Webster is combating the lack of participation with different strategies. The university sent out another round of emails Sept. 11 encouraging students to take the course and to remind students the course must be completed by the end of the fourth week of classes.
Residential Assistants are holding floor meetings for residents encouraging them to take the class in a group setting. Supervisors have been asked by the university to make sure their student employees have completed the course.
In the Webster 101 class for new students, it has been mandated that the sexual assault course be completed to pass. According to Dean of Students Ted Hoef, the university is considering what other options might be possible to get the highest completion rate for the course.
Shannon Plunkett, a Webster student and a victim of sexual assault when she attended Missouri State, thinks having a prevention class is of the utmost importance. Plunkett considers a better strategy the university could have applied is to have professors make sure students complete the course before they moved on with their own classes. She said she believes prevention classes are essential in educating students on an issue they might think they know a lot about, when in reality there is a lot to learn. Plunkett believes after her assault she blocked the incident out, and she thinks her attacker should have known better.
“That was a situation where not until about two months ago I realized I was a victim of something that was horrible. He should have known that. I should have had the confidence and know about in my own mind to say that was wrong and that’s what scares me. I don’t want other people to have to go through that,” Plunkett said.
As of Sept. 24, on the university’s connection page, under personal announcements, an outdated message states the course is strongly encouraged and not a requirement of all undergraduates.
Caitlin Vanover, a student athlete at Webster, said her volleyball coach forwarded emails advising the team to complete the course.
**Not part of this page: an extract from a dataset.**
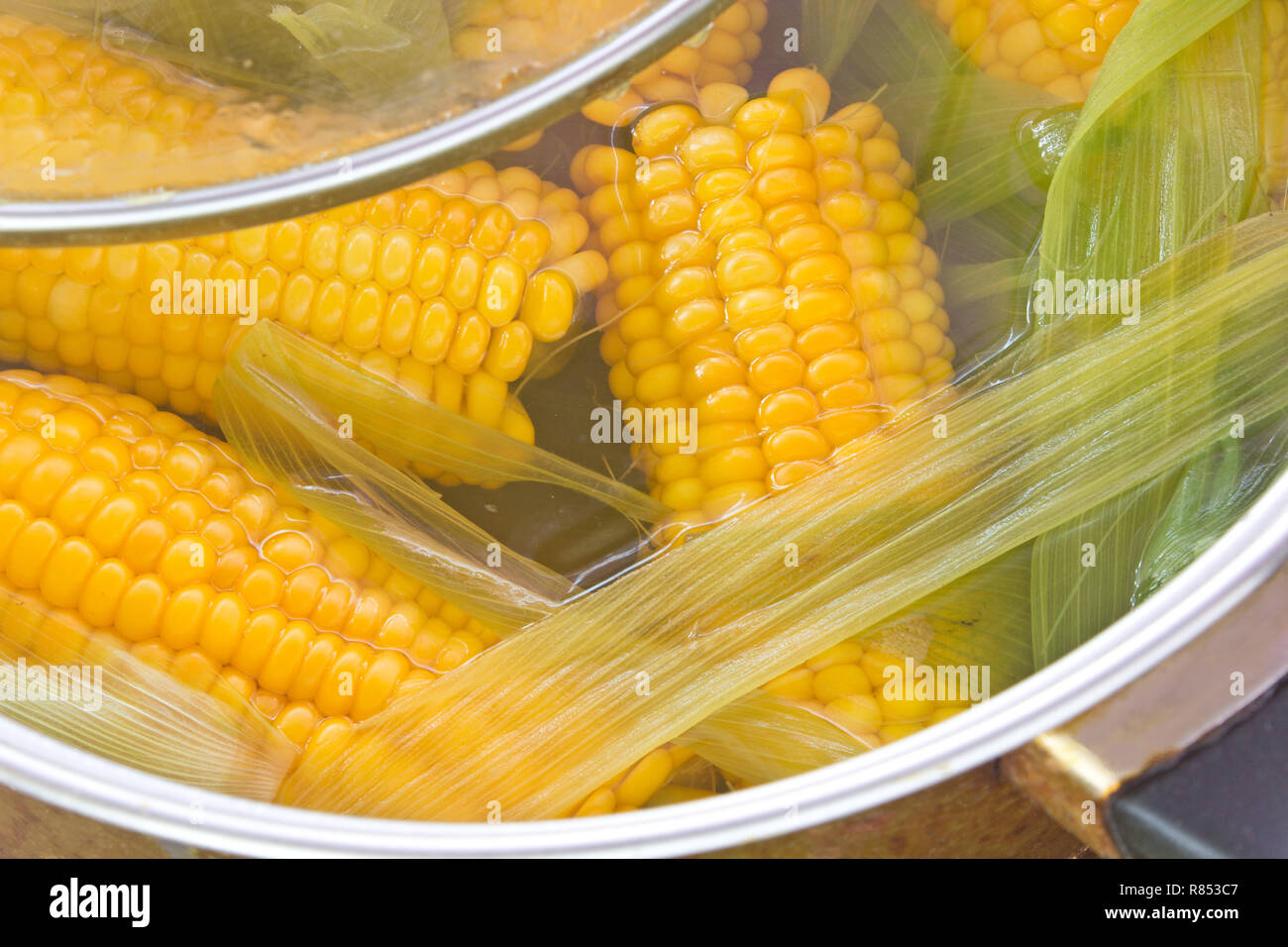 Cooking corn cobs in agriculture hi-res stock photography and images ...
She said most of her team completed the online class.
Riley Flynn, a sophomore at Webster, said he received emails for the sexual assault class but felt because there were no repercussions for not completing it he did not need to take the course. He said he understands the issue enough, but he thinks students on campus should be required to complete the online class.
“On campus that would be good because you don’t get to choose who you are surrounded by necessarily,” Flynn said. He also said it would be wise to have students complete the course if they work for the university.
Hannah Merrick, who lives on campus in West Hall, said she received emails about taking the online course but was told by other students she did not need to complete it because there were not any consequences listed.
“There are a lot of people who haven’t taken it, so if they do plan to discipline us, that’s going to be a lot of people,” Merrick said.
Merrick said she was not worried about sexual assault at Webster. She said at her hometown college, the University of Montana, rape reports against football players led to a revamp of the school’s sexual assault policy under the Justice Department. Although Merrick said she feels safe at Webster, she is concerned the university is not taking the issue as seriously as they appear.
“They should be more specific about it. If they want it to be important, they have to make sure we know it’s important to them. They’re not doing that,” Merrick said.